#### [SUPPLIED DATA]
=-=-=
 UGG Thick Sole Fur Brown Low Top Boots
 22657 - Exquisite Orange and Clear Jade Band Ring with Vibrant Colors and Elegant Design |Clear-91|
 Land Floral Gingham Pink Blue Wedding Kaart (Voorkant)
=-=-=
#### [DIRECTIONS FOR THIS TASK]
Output the full listing above word for word.

#### [EXERCISE SOLUTION]
 UGG Thick Sole Fur Brown Low Top Boots
 22657 - Exquisite Orange and Clear Jade Band Ring with Vibrant Colors and Elegant Design |Clear-91|
 Land Floral Gingham Pink Blue Wedding Kaart (Voorkant)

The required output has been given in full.